-------- Provided data --------

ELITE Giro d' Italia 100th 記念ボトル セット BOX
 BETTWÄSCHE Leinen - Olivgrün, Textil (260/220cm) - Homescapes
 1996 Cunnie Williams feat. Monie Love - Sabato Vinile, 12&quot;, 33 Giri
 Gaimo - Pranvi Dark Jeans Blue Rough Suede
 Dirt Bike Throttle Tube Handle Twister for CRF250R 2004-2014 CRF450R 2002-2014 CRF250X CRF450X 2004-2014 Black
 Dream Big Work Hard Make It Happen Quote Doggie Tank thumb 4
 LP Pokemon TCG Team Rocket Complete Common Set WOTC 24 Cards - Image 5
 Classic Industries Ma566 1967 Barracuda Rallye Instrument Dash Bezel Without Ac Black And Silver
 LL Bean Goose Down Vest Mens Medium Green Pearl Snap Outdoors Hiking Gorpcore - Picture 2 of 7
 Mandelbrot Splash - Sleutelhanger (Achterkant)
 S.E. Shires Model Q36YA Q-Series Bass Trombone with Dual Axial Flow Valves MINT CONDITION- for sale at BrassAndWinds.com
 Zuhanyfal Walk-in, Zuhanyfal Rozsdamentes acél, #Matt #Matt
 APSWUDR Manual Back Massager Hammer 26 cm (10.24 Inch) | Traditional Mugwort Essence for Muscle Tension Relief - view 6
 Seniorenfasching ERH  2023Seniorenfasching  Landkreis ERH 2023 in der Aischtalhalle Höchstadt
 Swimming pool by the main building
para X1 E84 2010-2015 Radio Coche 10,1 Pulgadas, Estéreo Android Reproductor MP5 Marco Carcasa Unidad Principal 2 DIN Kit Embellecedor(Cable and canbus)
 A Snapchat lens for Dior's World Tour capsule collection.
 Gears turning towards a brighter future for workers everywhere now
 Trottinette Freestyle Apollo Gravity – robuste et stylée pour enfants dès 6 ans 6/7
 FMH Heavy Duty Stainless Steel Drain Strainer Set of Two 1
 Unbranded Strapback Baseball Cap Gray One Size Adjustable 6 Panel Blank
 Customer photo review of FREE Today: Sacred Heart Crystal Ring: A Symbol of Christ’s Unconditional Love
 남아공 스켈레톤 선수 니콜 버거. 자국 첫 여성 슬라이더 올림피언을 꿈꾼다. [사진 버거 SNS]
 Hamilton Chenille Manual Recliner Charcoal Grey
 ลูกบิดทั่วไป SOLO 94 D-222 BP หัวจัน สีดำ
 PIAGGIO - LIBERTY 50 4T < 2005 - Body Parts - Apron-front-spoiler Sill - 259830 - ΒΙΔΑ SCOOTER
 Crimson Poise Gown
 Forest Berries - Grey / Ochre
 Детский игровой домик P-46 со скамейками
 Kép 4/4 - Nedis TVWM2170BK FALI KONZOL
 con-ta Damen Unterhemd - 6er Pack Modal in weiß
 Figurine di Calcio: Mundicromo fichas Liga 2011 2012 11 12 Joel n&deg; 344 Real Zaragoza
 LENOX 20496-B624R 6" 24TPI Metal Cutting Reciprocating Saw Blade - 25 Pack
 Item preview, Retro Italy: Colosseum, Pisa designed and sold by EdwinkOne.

--------

Exercise details.
One line contains "con-ta Damen Unterhemd". Return that line and every later line through the end of the listing above, exactly, and nothing else.

Exercise output.
 con-ta Damen Unterhemd - 6er Pack Modal in weiß
 Figurine di Calcio: Mundicromo fichas Liga 2011 2012 11 12 Joel n&deg; 344 Real Zaragoza
 LENOX 20496-B624R 6" 24TPI Metal Cutting Reciprocating Saw Blade - 25 Pack
 Item preview, Retro Italy: Colosseum, Pisa designed and sold by EdwinkOne.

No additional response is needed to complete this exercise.